1 ESS Data Formats

Twenty years ago, there were a large number of disparate formats for storing large data sets, and the transfer of data from one computing system to another was a big deal, often relying on frequent playing of the “find-the-continents” game. Now, however, there are two general styles of dataset storage: 1) machine-independent self-documenting gridded datasets, and 2) relational data bases (e.g. MS Access, mySQL) (with common Excel formats (.csv, .xlsx) as special cases of database tables). Gridded data sets are chiefly represented by the netCDF and HDF5 formats, which include self-documenting “attribute” data, with an older “binary” data format (GRIB2) still in widespread use for exachanging real-time weather forecasting data, and there is growing “interoperatability” among these formats. Databases are in widespread use for storing data that may be heterogeneous in the sense of not being gridded, and possibly having multiple tables.

1.1 netCDF

netCDF (or Network Common Data Format) is the format most frequently used for storing climate-model output as well as some observational data. There is a well-documented convention (CF, for Climate-and-Forecast) for arranging and internally documenting netCDF datasets, which further contributes to simple transfer of data from one system to another.

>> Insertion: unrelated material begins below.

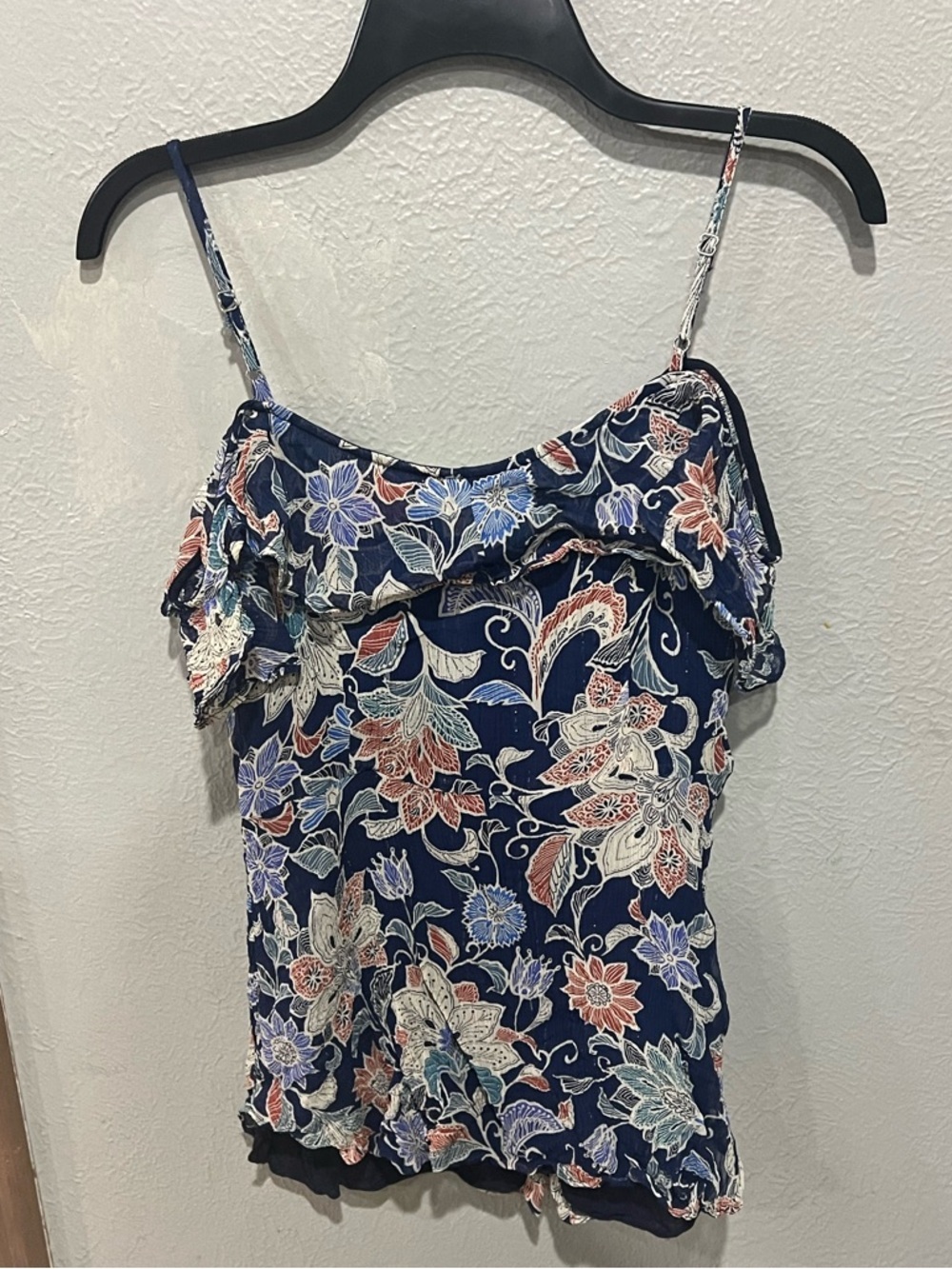 Maeve Navy Floral Ruffle-Trim Spaghetti-Strap Off Shoulder Top Size 10 EUC - Picture 5 of 5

There are several R packages for handling netCDF data. Of these, the ncdf4 and the related ncdf.helpers packages are the most useful in practice.

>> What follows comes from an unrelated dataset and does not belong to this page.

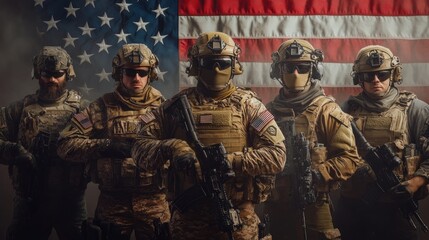 Wall Mural - Four soldiers in camouflage gear and helmets stand in front of the American flag holding their rifles, looking determined.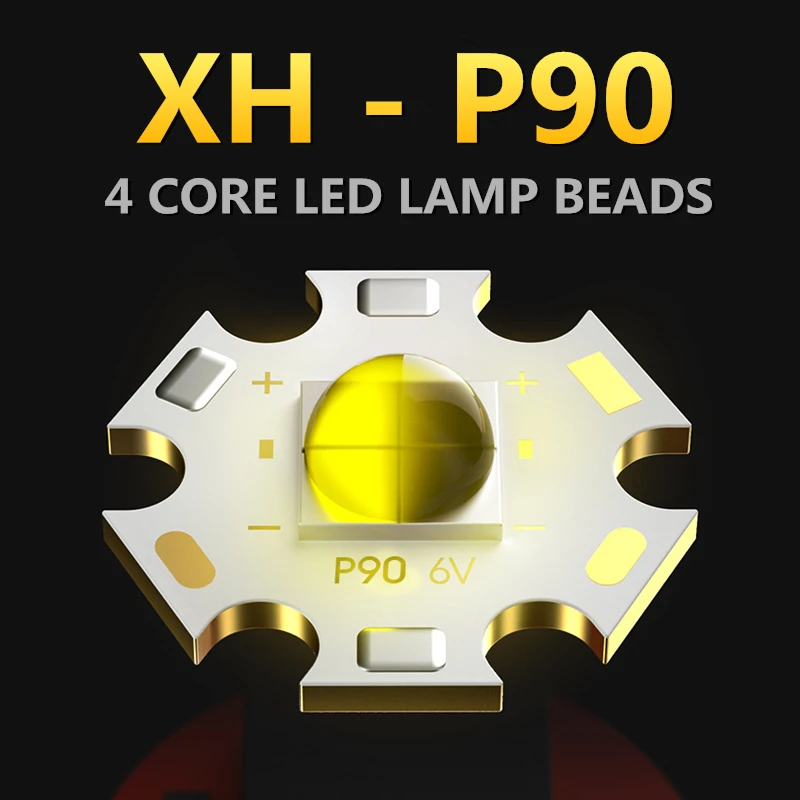 Водонепроницаемый светодиодный фонарь XHP90 IPX8 4 ядра 100 м - купить по выгодной цене |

Several other packages exist for working with netCDF data sets (this is not an exhaustive list):

  • RCMIP5: tools for reading and summarizing “CMIP5” data link
  • easyNCDF: a set of functions for reading and writing netCDF data sets from and to R arrays
  • cmsaf: tools for reading EUMETSAT energy- and water-balance variables link
  • efts: functions for reading ensemble forecast data;
  • RNetCDF and ncdf.tools: functions for working with older netCDF 3 files.
  • ncdump: reads netCDF attribute data, and organizes it into dataframes

In addition, the rgdal and raster packages support the reading and writing of netCDF files.

1.2 HDF

HDF (or Hierarchical Data Format), like netCDF is a machine-independent self-documenting gridded dataset format, that is in common use for storing satellite and remote-sensing imagery data. It currently exists in several formats (HDF4, HDF5, HDF-EOS) which can generally converted to one another. (netCDF4 in fact uses the HDF5 format for storing data.)

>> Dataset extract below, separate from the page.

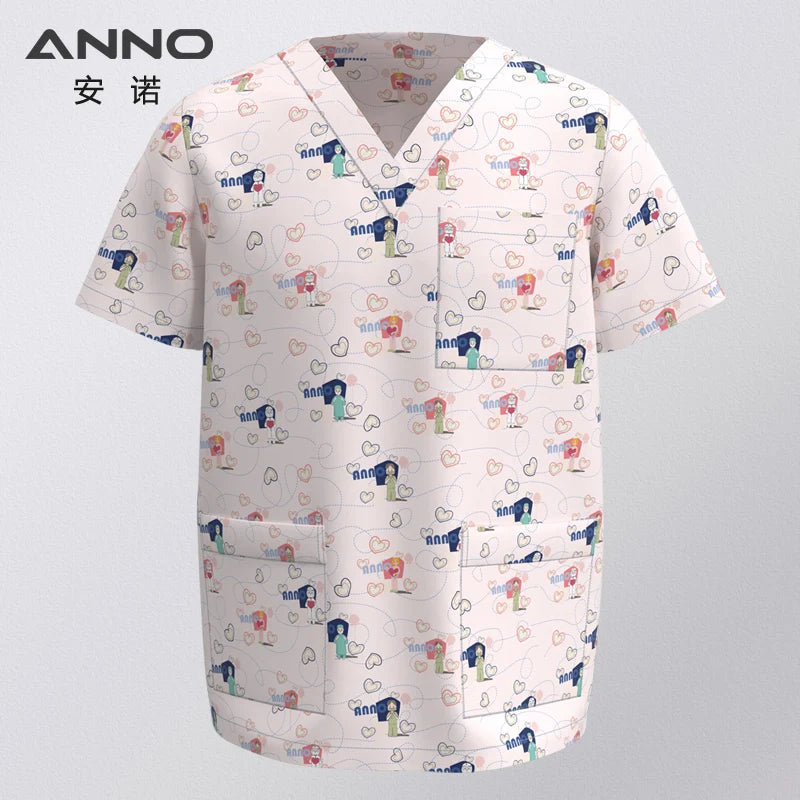 ANNO Hospital Staff Scrubs Top Medical Sanitary Nursing Uniform Dental Clinic Print Beauty Caregiver Coveralls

Reading and writing HDF5 files in R is supported by the rhdf5 package in the Bioconductor collection:

  • rhdf5: a Bioconductor package for reading and writing HDF5 files [link]

The National Snow and Ice Data Center (NSIDC) as a nice tutorial on HDF-EOS: https://nsidc.org/data/hdfeos/intro.html

NOAA’s Coral Reef Watch http://www.coralreefwatch.noaa.gov/satellite/hdf/index.php serves up a variety of HDF (and netCDF) files for coral-bleaching monitoring.

1.3 GRIB

GRIB (or GRIdded Binary / General Regularly-distributed Information in Binary form, https://en.wikipedia.org/wiki/GRIB)

1.4 Relational Data Bases

Relational databases can be thought of as a set of linked tables that efficiently store data that, if stored as a single rectangular table would be inefficiently large and difficult to extract data from. Nevertheless, there are multiple ESS data sets, usually collections of site-specific data (where the sites are irregularly distributed) that can be efficiently stored and queried

An example ESS dataset stored as a relational database:

The gridded dataset formats described above are sometimes referred to as nonSQL databases, for the simple reason that they are not SQL databases (where SQL (pronounced “sequel”) stands for Structured Query Language). The distinction between the two is described here:

2 Getting and Displaying ESS Datasets

There are several approaches for getting or transferring the usually large data sets that are employed in doing Earth-system science.

2.1 SFTP and Globus

FTP (for File Transfer Protocol) is a now pretty-old traditional way of moving data around. In its standard form, it’s not very secure (and hence IT services hate it), but it’s still quite functional. A more secure variant is SFTP (SSH File Transfer Protocol, also known as “Secure FTP”). The most widely used “client” for interacting with ftp sites is likely Filezilla https://filezilla-project.org/. An SFTP “site” has been created for this course, for directions on its use, see File Transfer the Tasks tab, as well for instructions on using Filezilla. Another newer approach for transferring files is Globus, which provides a browser-based application for transferring files among “endpoints”.

2.2 THREDDS and OPeNDAP

THREDDS (Thematic Real-time Environmental Distributed Data Services) Data Servers (TDS) provide a mechanism for making remote datasets (generally netCDF datasets) “visible” to local applications (like Panoply). TDS display “catalogs” of multiple files that can, for example, be browsed by Panoply, and individual data sets can then be opened. OPeNDAP provides a further mechanism for subsetting data sets, i.e. selecting an individual slice from a 3d or 4d data set. Both THREDDS and OPeNDAP thus provide a way of avoiding downloading and storing data locally. (Once data are downloaded to a local machine, they are in a sense “frozen”. By not storing datasets locally, and instead accessing them remotely, any updates are automatically included.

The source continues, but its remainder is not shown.